Chebotarev highlighted Tokayev’s words about budget deficits and the necessity of living within means. 

In his address, Tokayev stressed the failure to meet the revenue targets of the national budget, which was a “significant oversight of both the previous and current governments.” “It is unacceptable that this problem has become systemic and has hindered the country’s development,” said the President. 

Kazakhstan’s budget deficit results from a combination of structural economic challenges, reliance on oil revenues, expansionary fiscal policies, and inefficiencies in revenue collection and spending.

Mazhilis, a lower house of the Kazakh Parliament, is currently reviewing two important draft laws—one about transfers from the National Fund, a sovereign wealth fund established in 2000 that accumulates the country’s windfall revenues from natural resources to the country’s budget for 2025-2027 and another about the overall national budget for the same period.

“Living within our means is the only recipe for stable public finances, as Tokayev stated, emphasizing the need to cut unnecessary spending on non-strategic tasks. He also drew attention to the failure to meet revenue targets,” said Chebotarev. 

For 2025, the members of the Parliament expect the national budget to receive 21.7 trillion tenge (US$44.9 billion), including 15.6 trillion tenge (US$32.3billion) from regular income and 5.3 trillion tenge (US$10.9 billion) from transfers from the National Fund. At the same time, the government plans to spend 25.8 trillion tenge (US$53.5 billion), entailing a budget deficit of 4.1 trillion tenge (US$8.5 billion), or 2.2% of the country’s GDP. 

Public-private partnership

Aliya Mussina, an expert from the Astana-based Economic Research Institute, said attracting private capital as part of the public-private mechanism (PPP) plays a key role in executing large-scale infrastructure projects in Kazakhstan.
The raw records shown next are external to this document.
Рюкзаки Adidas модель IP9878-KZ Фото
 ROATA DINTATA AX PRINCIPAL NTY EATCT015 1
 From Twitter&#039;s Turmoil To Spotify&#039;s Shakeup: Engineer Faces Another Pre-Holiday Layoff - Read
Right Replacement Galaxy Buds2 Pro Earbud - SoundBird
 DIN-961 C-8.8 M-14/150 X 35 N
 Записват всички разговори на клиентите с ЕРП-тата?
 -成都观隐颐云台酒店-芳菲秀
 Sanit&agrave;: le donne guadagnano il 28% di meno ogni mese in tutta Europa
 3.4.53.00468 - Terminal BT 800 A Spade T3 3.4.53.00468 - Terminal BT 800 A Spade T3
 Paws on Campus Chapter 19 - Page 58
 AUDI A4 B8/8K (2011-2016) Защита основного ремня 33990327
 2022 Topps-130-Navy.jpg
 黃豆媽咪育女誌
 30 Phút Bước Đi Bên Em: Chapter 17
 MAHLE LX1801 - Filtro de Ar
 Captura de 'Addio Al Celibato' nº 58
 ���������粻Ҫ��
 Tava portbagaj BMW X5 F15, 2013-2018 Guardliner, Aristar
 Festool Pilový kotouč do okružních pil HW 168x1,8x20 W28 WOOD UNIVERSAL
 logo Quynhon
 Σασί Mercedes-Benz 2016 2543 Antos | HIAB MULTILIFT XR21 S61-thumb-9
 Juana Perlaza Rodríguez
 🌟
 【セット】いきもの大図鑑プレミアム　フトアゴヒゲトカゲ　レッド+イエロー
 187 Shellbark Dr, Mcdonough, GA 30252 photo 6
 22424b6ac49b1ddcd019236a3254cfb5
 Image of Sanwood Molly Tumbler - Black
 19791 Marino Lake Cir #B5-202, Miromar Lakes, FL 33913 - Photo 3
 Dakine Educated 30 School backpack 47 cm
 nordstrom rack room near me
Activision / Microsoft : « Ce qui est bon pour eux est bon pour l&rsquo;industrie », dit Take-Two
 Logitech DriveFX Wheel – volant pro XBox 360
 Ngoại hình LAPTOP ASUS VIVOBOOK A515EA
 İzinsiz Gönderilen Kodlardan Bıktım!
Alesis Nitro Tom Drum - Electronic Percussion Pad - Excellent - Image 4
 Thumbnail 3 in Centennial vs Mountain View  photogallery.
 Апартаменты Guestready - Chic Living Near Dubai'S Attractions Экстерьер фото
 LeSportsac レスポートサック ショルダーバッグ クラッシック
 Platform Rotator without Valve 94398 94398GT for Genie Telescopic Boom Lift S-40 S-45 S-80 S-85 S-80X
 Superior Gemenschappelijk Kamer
Addressing the nation, President Tokayev underlined the need for “better preparing public-private partnership projects involving international financial institutions.” He instructed the government to identify a pool of large turnkey projects that international financial organizations could finance through the PPP mechanism.

Mussina said while Kazakhstan has made progress in developing its PPP framework since its launch in 2015, there is still significant room for improvement, especially when considering international best practices and the experiences of neighboring countries.

“In this context, it is essential for the country to consider the recommendations and standards of the Organization for Economic Co-operation and Development (OECD), with which Kazakhstan has been actively cooperating since 2008,” she said. 

“Neighboring countries are also advancing their economies through PPP mechanisms, drawing on international experience, including OECD recommendations. For instance, Uzbekistan has been actively reforming its economic approaches. In 2019, the country passed a PPP law, laying the foundation for attracting private investments in infrastructure projects,” said Mussina.

She further highlighted several major PPP projects launched in Uzbekistan with the involvement of international financial institutions such as the Asian Development Bank (ADB) and the European Bank for Reconstruction and Development (EBRD). These projects include the construction of solar power plants, the modernization of hospitals, and the development of highways.

“Similarly, Kyrgyzstan established a PPP Center under its National Investment Agency in 2019, which coordinates efforts to attract private capital across various sectors. The center works closely with international organizations, including ADB and the UN, securing both technical and financial support for project implementation,” she said.